İnternet hayatımıza 1990’ların ikinci yarısında girdi. Önceleri oldukça yavaş, kısıtlı, iletişim kanalları zayıf ve bilgi kaynağı olarak ciddiye alınmayacak kadar çoraktı. 2000’li yıllarda hızlı bir gelişim gösteren internet dünyasına sosyal mecralar da eklendi. Artık iletişim kanalları çeşitlenmiş, farklı sektörlerden birçok şirket internette yerini almıştı. Hatta internet üzerinden otomobil satışı denemeleri de yapıldı. Günümüze doğru yaklaşırken Facebook’tan Twitter’a, Instagram’dan YouTube’a kadar birçok sosyal ağ dünyayı sardı. Arama motorlarıyla istenilen bilgi ya da fotoğraflara 1 saniyeden kısa sürede erişmek mümkün oldu. Tabii akıllı telefonlar da bu gelişimin önemli bir ayağı oldu. Artık dünya kadar bilgi elimizde, cebimizde, çantamızda.
Peki, internet gerçekten tertemiz, doğru, harika bir bilgi kaynağı mı? Tabii ki değil. Hatta doğru bilgiden çok yanlış bilgi ve yorumun olduğunu iddia edebilirim. Çünkü kontrolsüz bir alan. İsteyen istediğini yazıyor, resimliyor ya da video yoluyla yayıyor. Aramalarda en üstte çıkanların söyledikleri doğru kabul ediliyor. Kimileri yalan yanlış bilgileri bilerek yayıyor. Böylece kendine farklı şekillerde avantaj sağlıyor. Kimileri de bildiğinin yanlış olduğunun farkında olmadığı için yanlışta ısrar ediyor. Az da olsa yazım hatası ya da dil sürçmesi şeklinde hatalarla da karşılaşılıyor.

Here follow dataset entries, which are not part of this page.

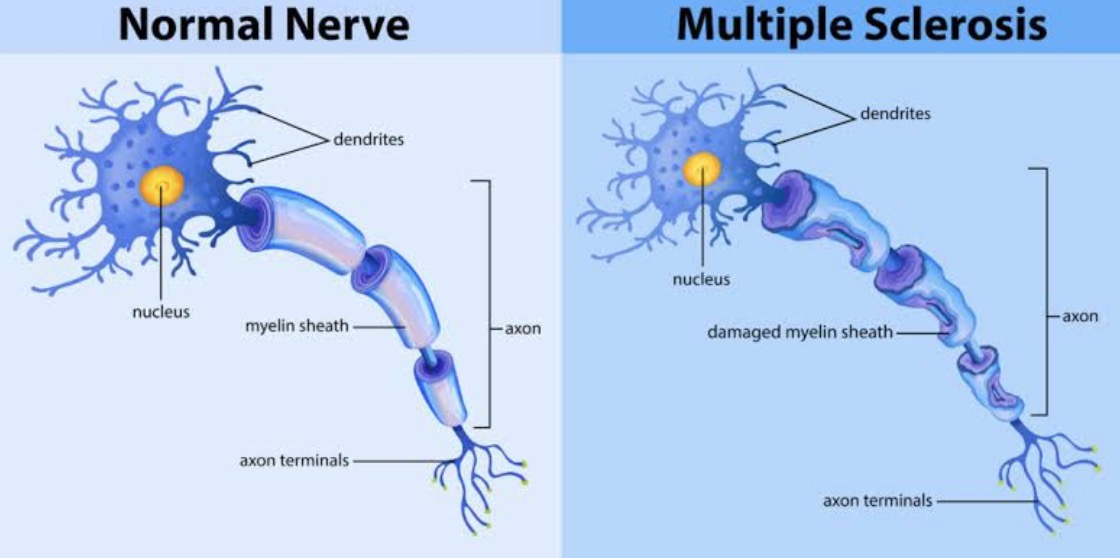 MS FAQs explored and answered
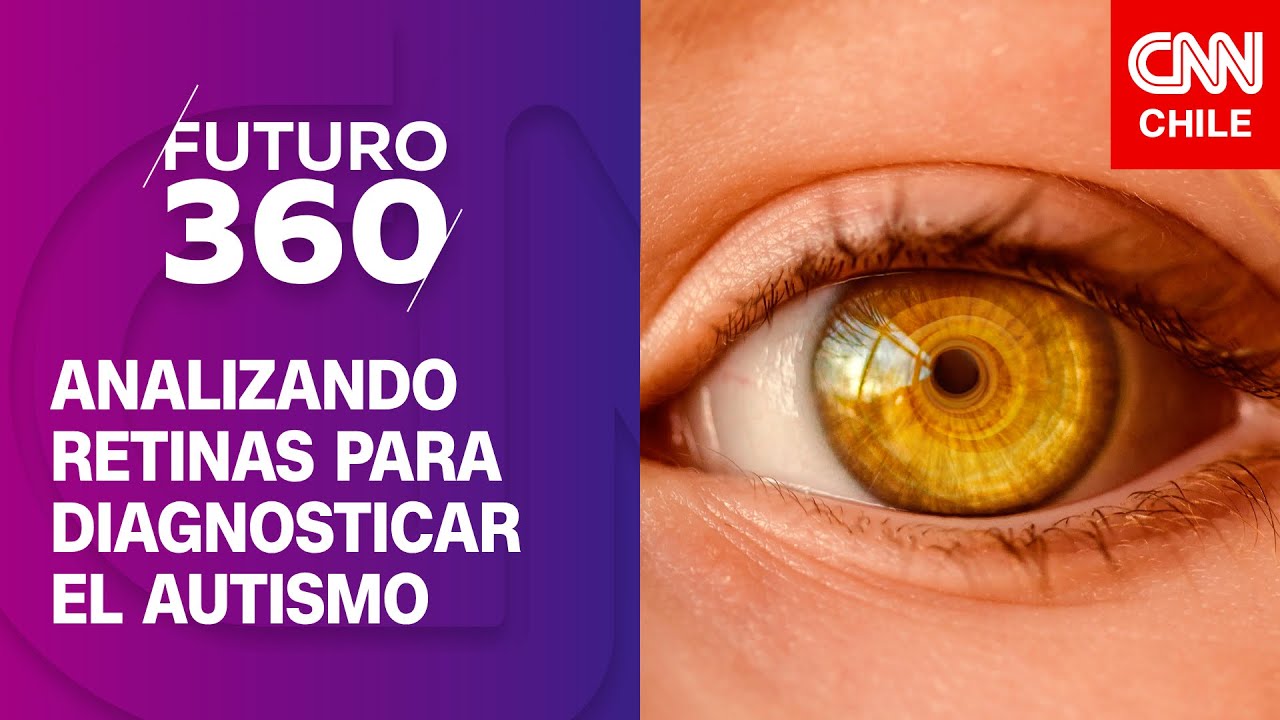 Diagnosticando el autismo a través de los ojos | Bloque científico de ...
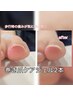 【Foot】巻き爪ケア2本¥12,000(通常¥13,000)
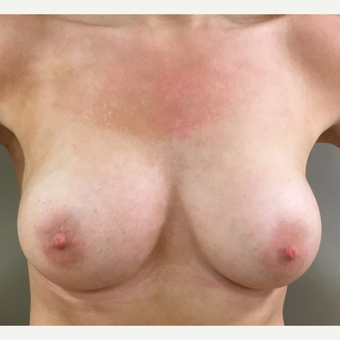 25-34 year old woman treated with Breast Augmentation after 3142624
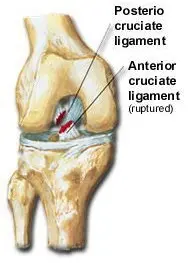 acl-injuries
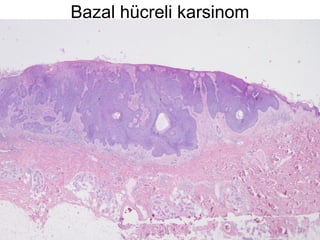 Bazal hücreli karsinom
 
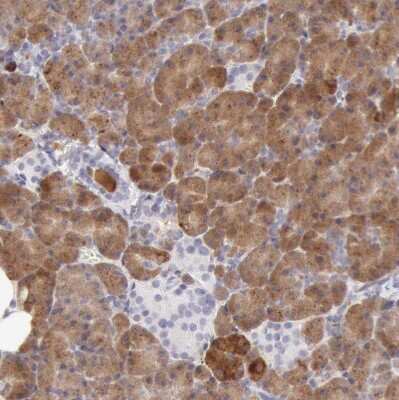 Immunohistochemistry-Paraffin: Ribonuclease A Antibody [NBP1-87804]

Kendi sektörümden yani otomobil dünyasından örnekler vereyim. Satın alma sıralamasında ev birinci sırada, otomobil ise ikinci sırada yer alıyor. Dolayısıyla pahalı ve en doğru seçimin yapılmaya çalışıldığı bir mal. Çoğu tüketici otomobil almadan önce internet ve sosyal medya üzerinden araştırmalar yapıyor. Yazılanları, anlatılanları takip ediyor. Mesleğim gereği ben de tabii ki bu kaynakları takip ediyorum. Aynı ürünler hakkında o kadar farklı yorumlarla karşılaşıyorum ki şaşarsınız. Otomobilin tasarımı, kalite ve konfor algısı dışında hemen her özelliği kanıtlanabilir ve tekrarlanabilir ölçümlerle değerlendirilir. Bu arada konfor algısında gürültü düzeyi ölçülebiliyor ancak içeri gelen sesin bas ya da tiz olması gibi etkenler konfor algısını değiştirebiliyor. Dolayısıyla normalde olması gereken hemen her yorumun aynı doğrultuda olması. Ancak tutarsızlık diz boyu. Peki, kime güveneceğiz? İşin en zor tarafı da bu. Kimileri tecrübesizliklerinin kurbanı olurken kimileriart niyetle, kimileri de maddi karşılık nedeniyle bunu yapıyor. E, sen de video çekiyorsun, yazılar yazıyorsun, sosyal medyada paylaşımlar yapıyorsun diyenler olacaktır. Neyse ki tecrübe eksiğim yok. Diğerlerini de profesyonel kaygılarla yapmıyorum. Sonuçta her okuduğunuza, her gördüğünüze her duyduğunuza inanmayın.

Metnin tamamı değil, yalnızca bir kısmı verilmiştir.